◆ Directions
Each line from the first down to the one containing "Bright living room" should be returned exactly as it appears below.

Source records
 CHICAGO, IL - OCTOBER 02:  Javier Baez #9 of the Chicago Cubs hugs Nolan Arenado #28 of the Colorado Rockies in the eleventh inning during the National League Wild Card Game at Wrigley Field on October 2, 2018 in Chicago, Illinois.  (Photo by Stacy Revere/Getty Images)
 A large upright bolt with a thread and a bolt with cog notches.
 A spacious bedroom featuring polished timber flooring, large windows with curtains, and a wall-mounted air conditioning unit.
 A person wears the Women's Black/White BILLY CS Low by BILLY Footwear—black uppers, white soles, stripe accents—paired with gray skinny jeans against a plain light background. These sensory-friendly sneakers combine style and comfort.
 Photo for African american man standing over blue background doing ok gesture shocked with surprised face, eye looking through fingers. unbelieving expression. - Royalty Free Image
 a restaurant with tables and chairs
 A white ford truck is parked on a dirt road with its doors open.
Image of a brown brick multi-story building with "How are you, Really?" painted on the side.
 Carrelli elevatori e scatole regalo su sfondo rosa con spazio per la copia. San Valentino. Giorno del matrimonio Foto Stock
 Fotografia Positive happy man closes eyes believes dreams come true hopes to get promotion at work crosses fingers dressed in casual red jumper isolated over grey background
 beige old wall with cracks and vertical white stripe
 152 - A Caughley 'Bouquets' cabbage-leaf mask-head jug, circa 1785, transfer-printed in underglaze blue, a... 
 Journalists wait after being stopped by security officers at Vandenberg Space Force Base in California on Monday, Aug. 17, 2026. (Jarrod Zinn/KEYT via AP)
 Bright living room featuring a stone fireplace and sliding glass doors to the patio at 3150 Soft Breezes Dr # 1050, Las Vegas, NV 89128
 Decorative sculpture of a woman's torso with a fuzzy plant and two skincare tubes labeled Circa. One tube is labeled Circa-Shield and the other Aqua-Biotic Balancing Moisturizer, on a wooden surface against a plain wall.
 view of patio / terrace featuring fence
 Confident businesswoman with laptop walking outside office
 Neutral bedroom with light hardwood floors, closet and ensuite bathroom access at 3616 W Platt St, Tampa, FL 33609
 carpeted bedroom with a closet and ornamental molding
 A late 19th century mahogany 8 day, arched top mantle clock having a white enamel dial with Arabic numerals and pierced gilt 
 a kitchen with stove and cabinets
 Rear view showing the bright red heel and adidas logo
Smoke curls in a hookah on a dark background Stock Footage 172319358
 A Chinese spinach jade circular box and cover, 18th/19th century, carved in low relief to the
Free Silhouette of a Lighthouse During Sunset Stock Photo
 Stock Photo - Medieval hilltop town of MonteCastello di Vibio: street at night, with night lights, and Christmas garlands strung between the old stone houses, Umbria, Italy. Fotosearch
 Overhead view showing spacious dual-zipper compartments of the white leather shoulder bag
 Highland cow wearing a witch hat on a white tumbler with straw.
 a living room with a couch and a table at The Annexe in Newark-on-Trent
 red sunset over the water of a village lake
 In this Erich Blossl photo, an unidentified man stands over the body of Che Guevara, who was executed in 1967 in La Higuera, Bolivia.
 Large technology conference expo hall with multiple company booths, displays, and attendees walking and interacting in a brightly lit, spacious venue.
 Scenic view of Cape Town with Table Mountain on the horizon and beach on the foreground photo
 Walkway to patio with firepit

◆ Solution for this task
 CHICAGO, IL - OCTOBER 02:  Javier Baez #9 of the Chicago Cubs hugs Nolan Arenado #28 of the Colorado Rockies in the eleventh inning during the National League Wild Card Game at Wrigley Field on October 2, 2018 in Chicago, Illinois.  (Photo by Stacy Revere/Getty Images)
 A large upright bolt with a thread and a bolt with cog notches.
 A spacious bedroom featuring polished timber flooring, large windows with curtains, and a wall-mounted air conditioning unit.
 A person wears the Women's Black/White BILLY CS Low by BILLY Footwear—black uppers, white soles, stripe accents—paired with gray skinny jeans against a plain light background. These sensory-friendly sneakers combine style and comfort.
 Photo for African american man standing over blue background doing ok gesture shocked with surprised face, eye looking through fingers. unbelieving expression. - Royalty Free Image
 a restaurant with tables and chairs
 A white ford truck is parked on a dirt road with its doors open.
Image of a brown brick multi-story building with "How are you, Really?" painted on the side.
 Carrelli elevatori e scatole regalo su sfondo rosa con spazio per la copia. San Valentino. Giorno del matrimonio Foto Stock
 Fotografia Positive happy man closes eyes believes dreams come true hopes to get promotion at work crosses fingers dressed in casual red jumper isolated over grey background
 beige old wall with cracks and vertical white stripe
 152 - A Caughley 'Bouquets' cabbage-leaf mask-head jug, circa 1785, transfer-printed in underglaze blue, a... 
 Journalists wait after being stopped by security officers at Vandenberg Space Force Base in California on Monday, Aug. 17, 2026. (Jarrod Zinn/KEYT via AP)
 Bright living room featuring a stone fireplace and sliding glass doors to the patio at 3150 Soft Breezes Dr # 1050, Las Vegas, NV 89128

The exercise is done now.